Krankenkassen erwägen Klage gegen Lauterbachs Reformpläne

Die Reformpläne von Karl Lauterbach gehen aus Sicht der Krankenkassen zunehmend in die falsche Richtung. Sie drohen mit Klage, falls die Versicherten Kosten aufgebürdet bekommen, die die Steuerzahler übernehmen müssten.

Im Streit um die Krankenhausreform erwägen die Krankenkassen juristische Schritte gegen die Bundesregierung. Anlass sind Pläne, den Umbau der Krankenhauslandschaft auch mit Mitteln aus der gesetzlichen Krankenversicherung zu finanzieren. „Es werden munter weiter Lasten auf die Gesetzliche Krankenversicherung verteilt“, kritisierte die Chefin des Verbands der Ersatzkassen (vdek), Ulrike Elsner, im Gespräch mit der „Ärzte Zeitung“ (Donnerstag).

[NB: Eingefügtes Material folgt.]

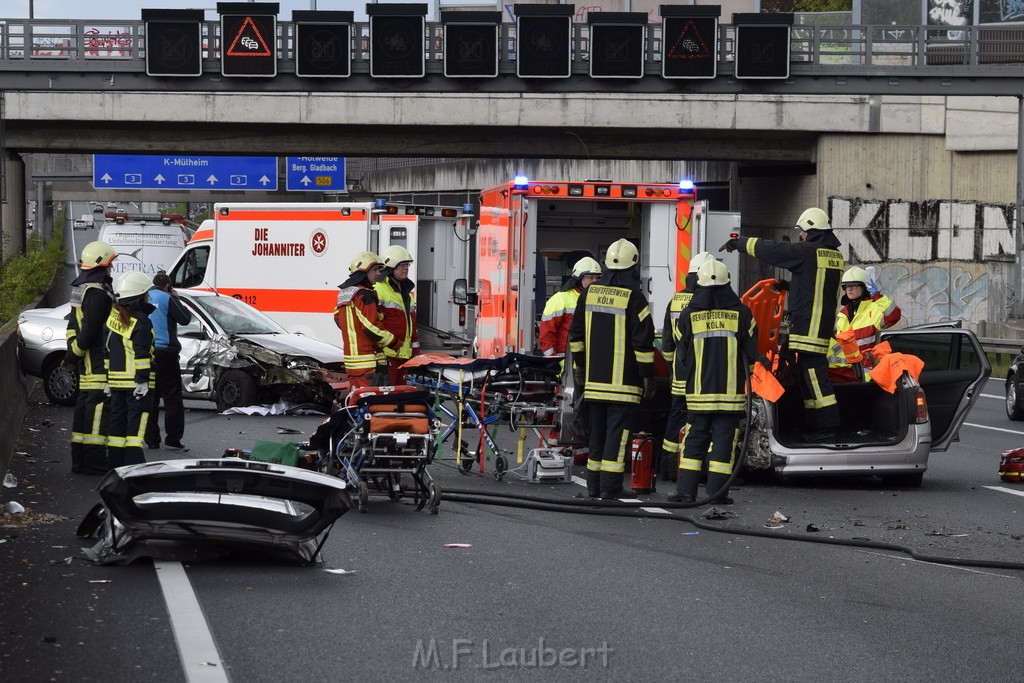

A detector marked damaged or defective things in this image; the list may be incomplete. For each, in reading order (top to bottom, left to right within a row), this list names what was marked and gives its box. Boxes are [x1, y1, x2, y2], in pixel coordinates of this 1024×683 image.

crashed silver car [16, 290, 346, 412]
overturned car part [78, 460, 354, 568]
crashed silver car [78, 460, 354, 568]
damaged vehicle hood [80, 460, 354, 568]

„Die angedachte Finanzierung des Klinikumbaus ist etwas, was Beitragszahlerinnen und Beitragszahler über Jahre hinweg massiv belasten würde“, fügte sie hinzu. Auf die Frage, ob die Kassen erwögen, dagegen zu klagen, antwortete Elsner mit einem klaren „Ja“. Der Spitzenverband der gesetzlichen Krankenversicherung habe eine verfassungsrechtliche Expertise bei der Staatsrechtlerin Dagmar Felix von der Universität Hamburg in Auftrag gegeben.

Der von Gesundheitsminister Karl Lauterbach (SPD) und den Ländern geplante Umbau der stationären Versorgung soll aus einem Transformationsfonds bezahlt werden, in den ab 2026 jedes Jahr unter anderem 2,5 Milliarden Euro aus Beitragsgeldern der Versicherten fließen sollen. Allein aufgrund der Gesetzgebung zur Krankenhausreform rechnet die Gesetzliche Krankenversicherung daher für die Jahre bis 2027 mit einer Erhöhung um 0,3 Beitragssatzpunkte.

Lauterbach will am Mittwoch bei einem Treffen in Berlin mit seinen Kolleginnen und Kollegen aus den Ländern über einen inzwischen vorgelegten Gesetzentwurf zur Krankenhausreform sprechen.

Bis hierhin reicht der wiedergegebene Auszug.